By noise here I refer to two different disturbing factors*: 1) the training sample and test sample come from different sources/annotators; 2) the test set contains genre classes that are not present in the training set. These two types of noise reflect the following real-world conditions when working with genre, namely: 1) since genre is a complex notion that has been interpreted in different ways, the identification of same genre class can vary depending on the research agenda or individual preferences; 2) we cannot possibly conceive a genre classifier that has a good performance if we include all existing genres either on the web or in another digital environment (such as a digital library).

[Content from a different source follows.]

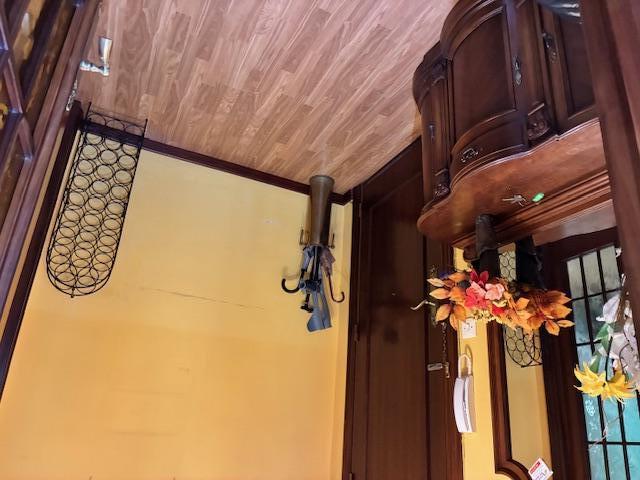 Venta de piso en Gijón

The only explicit investigation was carried out by Shepherd et al. (2004). They compared the performance of two classifiers on three subgenres (i.e. 93 PERSONAL HOME PAGE, 94 CORPORATE HOME PAGE and 74 ORGANIZATIONAL HOME PAGES) with and without noise (i.e. 77 non-home pages). Predictably, they results show that there is a deterioration of performance when noise is introduced. In their case, the “noise” was represented by documents that did not fall into the three subgenres to be identified, but belonged to other genres. In their experiment, Shepherd et al. (2004) conflated into one single class all the genre classes not being “home pages”. Decisions about the size and the proportion of this class were not underpinned. I will call this type of noise structured noise because this noise is represented by well-defined genre classes that should always be a negative for a classifier.

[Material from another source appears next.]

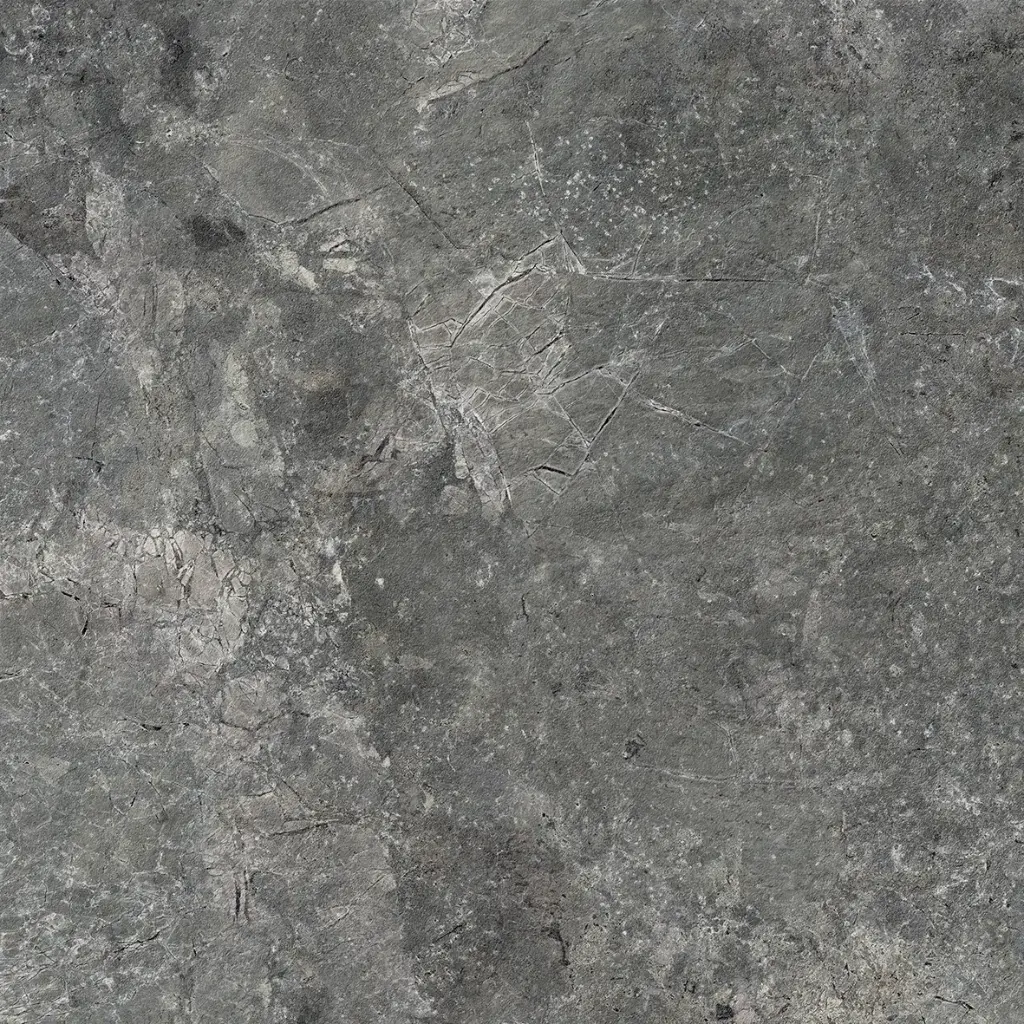 CAPUCIINO KARST-STONE CHARCOAL EXTERNAL PORCELAIN PAVERS 600X600MM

A slightly different approach to structured noise is used by Kim and Ross (2010 and Vidulin et al. (2007). Kim and Ross considered the 24 classes of KRYS-01 as noise with respect to the performance of their classifier on the 7-webgenre collection. In their case, noise is represented by 24 well defined genre classes, each of them represented by a relatively small number of documents (at most 90), while the 7 web genres are represented by 190 web pages each. Noisy classes represent around 60%, and the 7 web genres about 40%. The size and the proportion of this structured noise are not underpinned by any hypotheses. But accuracy results on the 7-webgenre collection is very good (see Table 5)
Interesting information on the impact of the proportion of structured noise can be derived also from Vidulin et al. (2007), though their corpus is quite small with respect to the number of classes (see the description of MGC below). Their genre palette is supposed to represent all the genres on the web (but their proportions seems to be arbitrary), and they build 20 individual subclassifiers and perform a binary classification, i.e. one class against the remaining 19. Similar to Kim and Ross (2010), these 19 classes can be considered as a kind of structured noise. In this scenario, Vidulin et al.’s (2007) accuracy results are high (94%) , while their F-measure average on 20 genres is moderate (50%).
One problem with structured noise is that it requires a major annotation effort because all the classes that the supervised classifier should consider as negative examples must be clearly defined and labelled. Additionally, the underlying hypothesis is quite compelling because it presupposes that all documents fall into well-defined genres and this is not always the case with documents on the web. Many web documents might simply not belong to any genre or embody several genres. Santini (2010) explored a simple way to deal with unstructured noise based on the odd-likelihook form Bayes’ theorem. Results were encouraging, but preliminary.
What is your experience with noise and automatic classification?
*The concept of “noise” can be applied to different situations. E.g., in Stubbe et al (2007) “noise” refers to orthographcal errors.